The stock market is taking another major hit today after consumer confidence numbers came in well below expectations. The Conference Board, which measures the monthly consumer confidence number, reports that June’s number fell to 50.4%, down from 57% in May. Big investors had been anticipating consumer confidence numbers in the 56% or 57% range.
But those are just numbers – the real questions what are they telling us? And what does that mean for the technology sector.
The answer to the first question is easy. Americans are absolutely terrified about rising energy prices. With the cost of everything from gasoline to corn to computer parts impacted by skyrocketing oil prices, consumers’ pocketbooks are taking a major hit, and subsequently, so are the bottom lines of U.S. companies.
I keep hearing rumors about an energy bubble that’s about to break, bringing oil prices down from their highs of about $135 a barrel. The thinking is that the U.S. Congress might impose restrictions on oil speculators (which proponents say will cut oil prices in half in 30 days, which I doubt) and that Americans will impose their will on Democrats who stand in the way of drilling for oil domestically. That move I like – sending our money to Saudi Arabia or Russia for oil is insane – it’s devalued our own dollar and made us dependent on overseas governments – not all them stable. Producing our own oil like the Chinese, Russians, and even Canadians do would send a blunt message to oil importers that their days of energy supremacy are numbered, and that to compete with an American producing a good portion of its energy needs, worldwide oil prices would have to come down.
Simultaneously, we could have our best technology minds working on commercially viable forms of alternative energy, including nuclear power, which seems to satisfy the energy needs of progressive countries like France and Germany with no negative safety issues.
Ironically, with all this doom-and-gloom consumer sentiment going on, there are emerging signs that the technology sector is actually in robust health. In a report rolled out this week, the American Electronics Association found 51 of the top 60 U.S. cybercities — those with the most technology workers — added high-tech jobs in 2006, and are at the top of the list in adding new jobs in 2008. The report also found the average technology industry wage was 87 percent higher than the average private sector salary.
According to the Associations web site, members of the American Electronics Association include Apple Inc., Microsoft Corp., Google Inc., Intel Corp. and Yahoo Inc.
While critics point out that most of the study’s data comes from 2006 and 2007 – years that weren’t as tough economically as 2008, the association’s leadership begs to differ.
Says Christopher Hansen, president and chief executive of the trade group, "The tech sector is not laying people off. If anything, the industry is having trouble getting enough people with the right credentials."
The study shows that the same consumers who are expressing doubts about the economy are – if they work in the tech industry – in bigger demand than ever. That’s especially true in our nation’s biggest cities.
Consider these findings from the report . . .

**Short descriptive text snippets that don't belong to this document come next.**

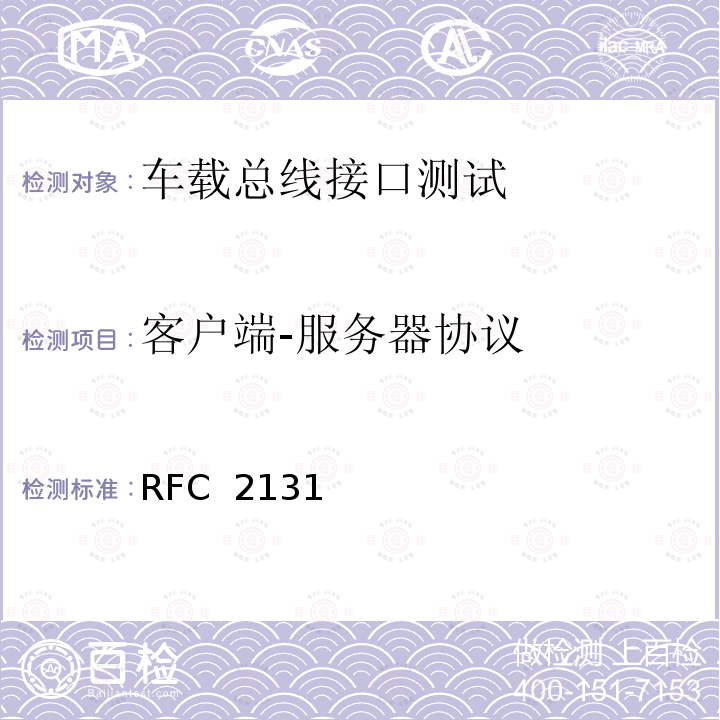 客户端-服务器协议 RFC 2131 动态主机配置协议 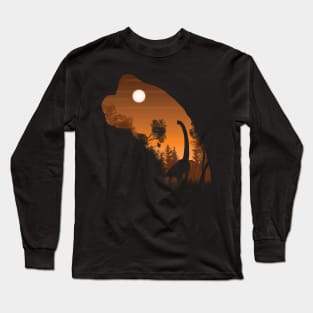 Brachiosaur Sunset Silhouette Long Sleeve T-Shirt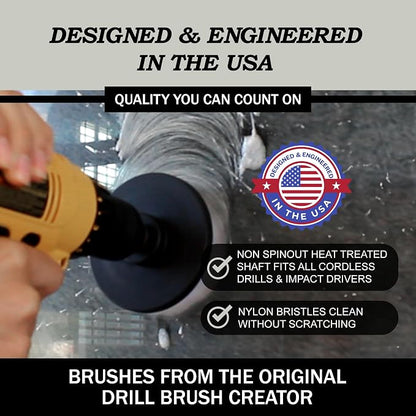 White Soft Interior Car Detailing Drill Brush Set - Nylon Auto Scrubber | Soft Bristle Power Scrubber Attachments for Cleaning Car, Truck, Upholstery, Carpet, Leather, Seats, Wheels, Rims & Trim
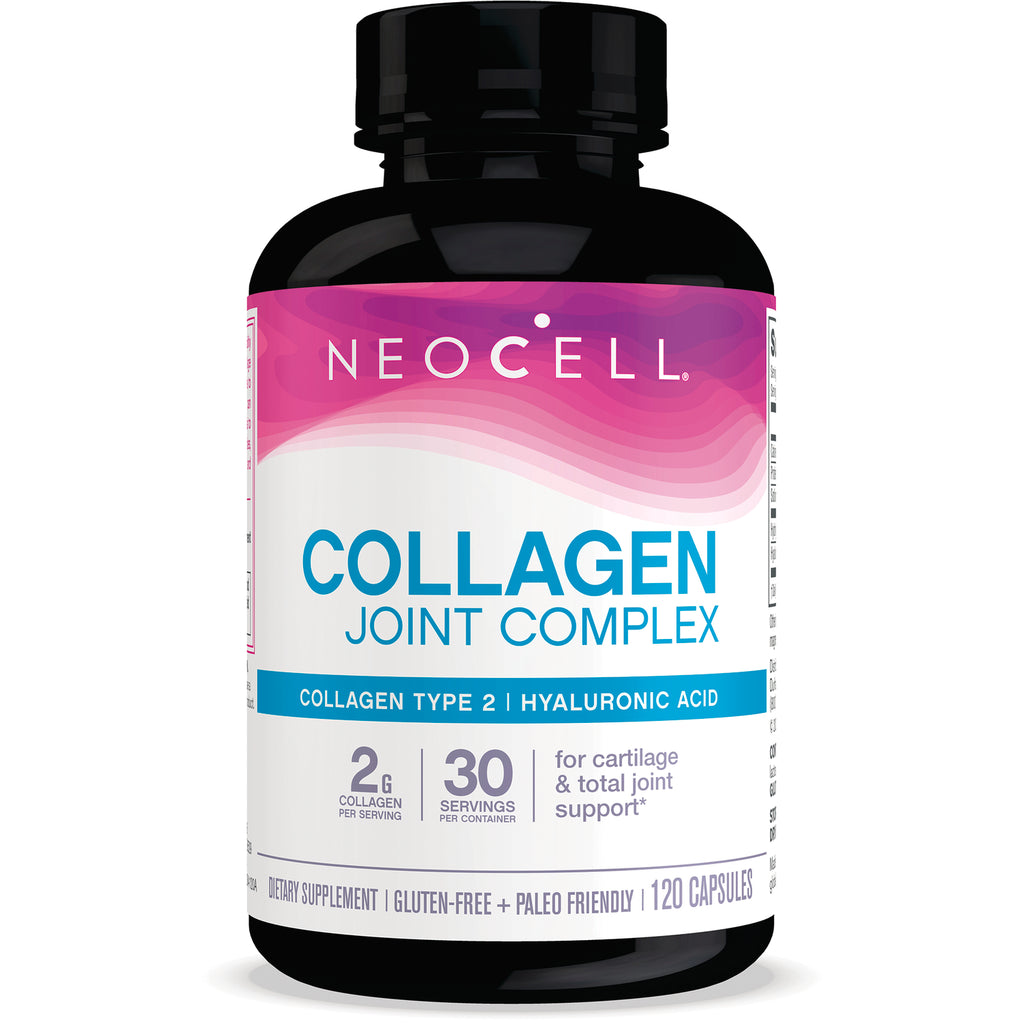 NEC008 | NeoCell Collagen Joint Complex supplement bottle front showing Collagen Type 2 and Hyaluronic Acid - Thumbnail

- Seattle led the nation in technology job growth in 2006, adding 7,800 positions.
- The New York metropolitan area had the most high-tech employees in 2006 with 316,500; followed by San Jose, Calif., in the heart of Silicon Valley, with 225,300 tech workers; and Boston with 191,700.
- Silicon Valley had the nation's highest concentration of high-tech workers with 286 industry employees for every 1,000 private sector workers.

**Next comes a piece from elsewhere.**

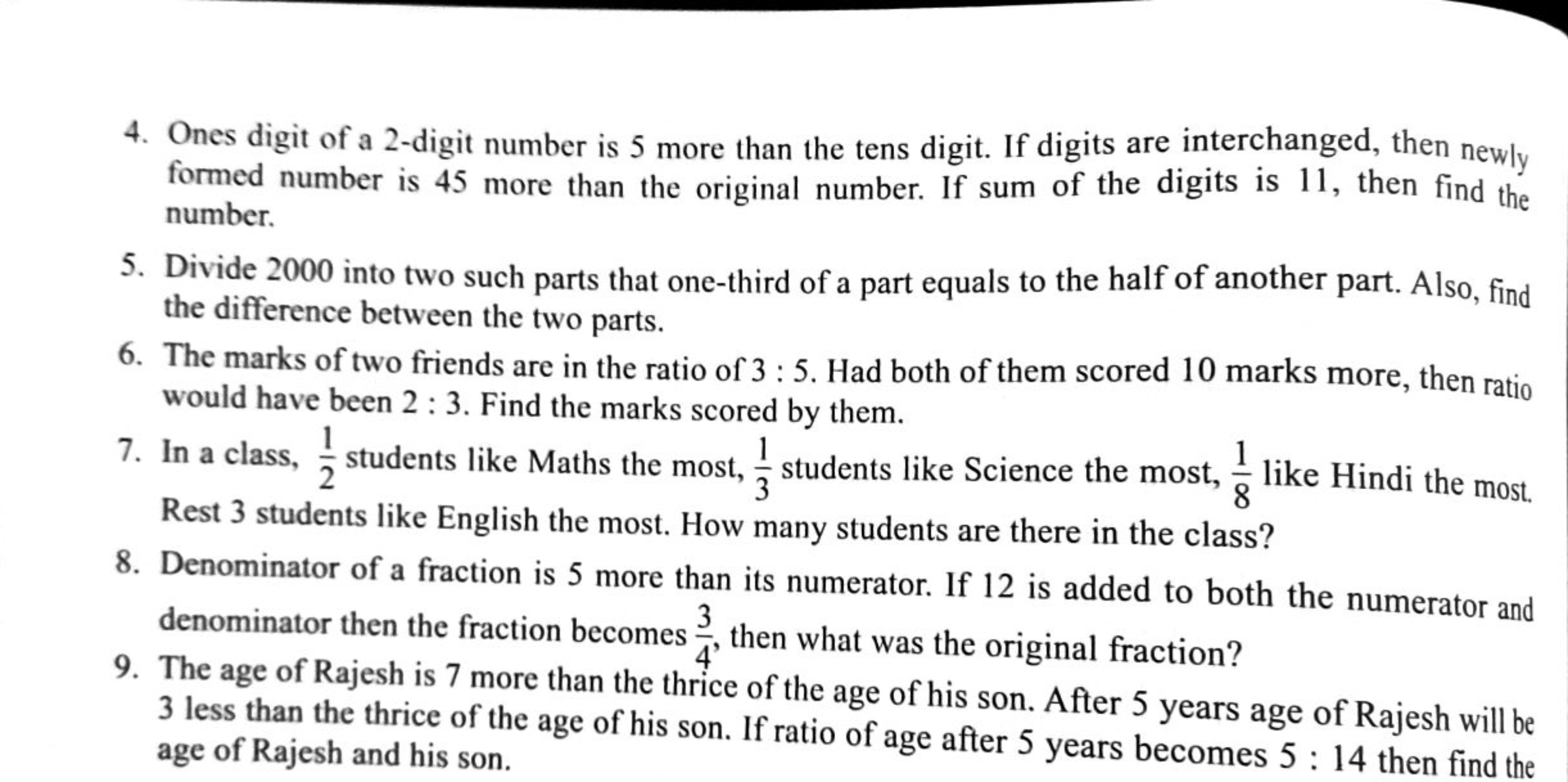 4. Ones digit of a 2-digit number is 5 more than the tens digit. If di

- The Washington, D.C., region led the nation in technology job growth between 2001 and 2006, adding 7,500 workers.
No, it’s not a perfect jobs climate in the technology market. But it is a solid one. It may take some time, but consumers will pick up the pieces and spend again. That will happen sooner if the U.S. develops a smarter energy plan, and if industries like high technology keep hiring at their present pace.